NOTE: When parties in a case agree on what the foreign law provides, these are admissions of fact which
the other parties and the court are made to rely and act upon, hence they are in estoppel to subsequently
take a contrary position (Phil. Commercial & Industrial Bank, vs. Escolin. et al)

Section 3- Judicial notice, when hearing necessary – During the pre-trial and the trial, the court, motu
proprio or upon motion, shall hear the parties on the propriety of taking judicial notice of any matter.

Before judgment or on appeal, the court, motu proprio or upon motion, may take judicial notice of any
matter and shall hear the parties thereon if such matter is decisive of a material issue in the case.
- Hearing is necessary for the court to take judicial notice of facts in the following instances
1. During pre-trial and trial- the court, may motu proprio or upon motion shall hear the parties ,
may announce its intention to take judicial notice of any matter and allow the parties to be heard
thereon.
2.After trial and before judgment- the proper court, motu proprio or upon motion shall hear the
parties on the propriety of taking judicial notice of any matter.

Section 4-Judicial admissions – An admission, oral or written, made by [the] party in the course of the
proceedings in the same case, does not require proof.
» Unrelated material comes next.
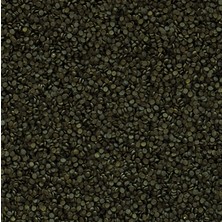 Tropical Super Spirulina Forte Gran 100 Gram Balık Yemi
The admission may be contradicted only by
showing that it was made through palpable mistake or that the imputed admission was not, in fact, made.
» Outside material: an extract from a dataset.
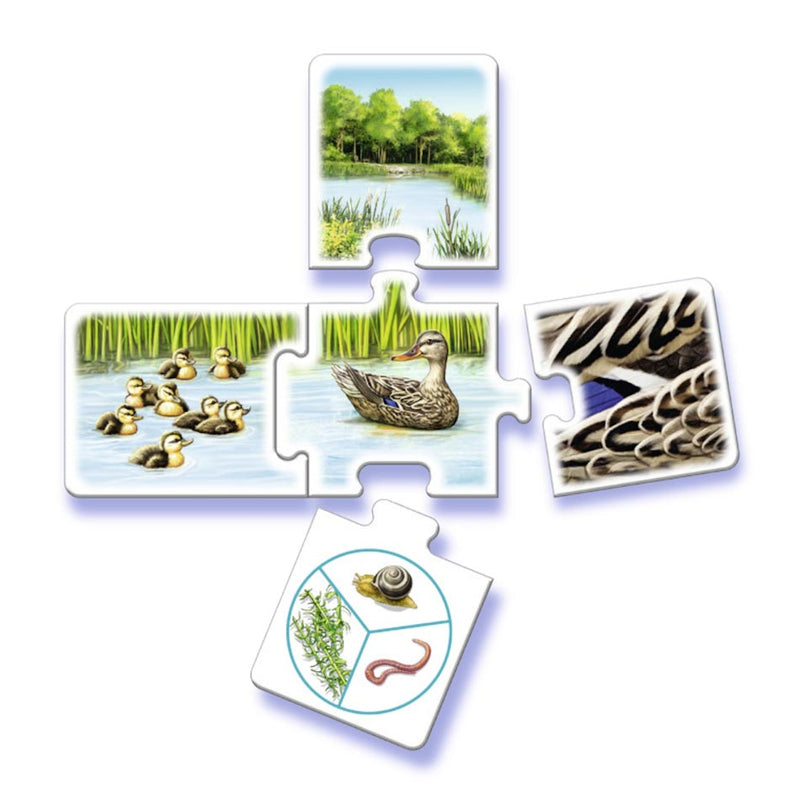 Load image into Gallery viewer, Ravensburger Tiptoi Al Mijn Dieren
JUDICIAL ADMISSION--the admission made in the course of the proceedings in the same case by a
party.

NOTE: Lack of jurisdiction cannot be admitted because jurisdiction is conferred by law and not by
stipulation of parties.

Judicial Admissions May Be Made in:

1.  the pleadings filed by the parties;

2.  in the course of the trial either by verbal or written manifestations or stipulations; or

3.  in other stages of the judicial proceeding, as in the pre-trial of the case;

4.  admissions obtained through depositions, written interrogatories or requests for admissions.

Judicial admissions may be contradicted only when it is shown that:

1.   it was made through palpable mistake; or

2.   that no such admission was made.

Judicial admissions in pleadings later amended

In civil cases, an amended pleading becomes a judicial admission and the contents of the pleading it
amends not included in the amended pleading becomes extrajudicial admissions which must be offered in
evidence for it to be considered by the trial court.
-Judicial admissions are always conclusive upon the admitter and does not require  formal offer as
evidence, unlike in the case of extra-judicial admissions.

-Admissions in affirmative defenses are merely hypothetical.

Judicial admissions made in one case are admissible at the trial of another case provided they are
proved and are pertinent to the issue involved in the latter, UNLESS:

1.    the said admissions were made only for purposes of the first case, as in the rule of implied admissions
and their effects under Rule 26;

2.    the same were withdrawn with the permission of the court therein; or

3.    the court deems it proper to relieve the party therefrom.

Is self- serving rule applicable to judicial admissions?

-  No.  The self-serving rule which prohibits the admission of declaration of a witness in his favor applies
only to extra-judicial admissions.  If the declaration is made in open court such is raw evidence, it is not
self-serving.  It is admissible because the witness may be cross-examined on that matter.  However,
whether it will be credible or not, is a matter of appreciation on the part of the court.